PROMPT: Copy out exactly the lines below that run from the one holding "PureHealth Lymphvity AntiSwelling FootPatch" to the one holding "Promo ⭐ Reeva", keeping both of those lines and no others.

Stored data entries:
★ ★ ★ ★ ★

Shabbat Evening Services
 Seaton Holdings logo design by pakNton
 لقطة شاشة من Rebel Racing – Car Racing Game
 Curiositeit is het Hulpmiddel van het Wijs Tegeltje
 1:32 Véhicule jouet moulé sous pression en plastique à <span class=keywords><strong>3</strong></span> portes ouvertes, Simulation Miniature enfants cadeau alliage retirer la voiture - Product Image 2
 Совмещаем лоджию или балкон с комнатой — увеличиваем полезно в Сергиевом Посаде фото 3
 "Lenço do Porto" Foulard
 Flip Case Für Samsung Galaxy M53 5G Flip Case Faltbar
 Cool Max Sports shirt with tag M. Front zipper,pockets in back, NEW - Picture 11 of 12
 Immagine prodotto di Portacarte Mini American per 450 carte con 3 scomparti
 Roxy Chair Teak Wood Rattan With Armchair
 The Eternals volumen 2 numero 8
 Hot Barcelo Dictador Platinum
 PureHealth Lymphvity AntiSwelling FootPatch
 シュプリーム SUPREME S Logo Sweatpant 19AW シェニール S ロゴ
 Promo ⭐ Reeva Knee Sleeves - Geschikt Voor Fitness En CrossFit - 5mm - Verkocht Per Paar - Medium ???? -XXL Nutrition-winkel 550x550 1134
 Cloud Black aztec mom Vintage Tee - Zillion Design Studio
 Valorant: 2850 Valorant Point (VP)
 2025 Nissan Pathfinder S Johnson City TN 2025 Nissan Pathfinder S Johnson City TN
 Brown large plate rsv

★ ★ ★ ★ ★

WORKED SOLUTION:
 PureHealth Lymphvity AntiSwelling FootPatch
 シュプリーム SUPREME S Logo Sweatpant 19AW シェニール S ロゴ
 Promo ⭐ Reeva Knee Sleeves - Geschikt Voor Fitness En CrossFit - 5mm - Verkocht Per Paar - Medium ???? -XXL Nutrition-winkel 550x550 1134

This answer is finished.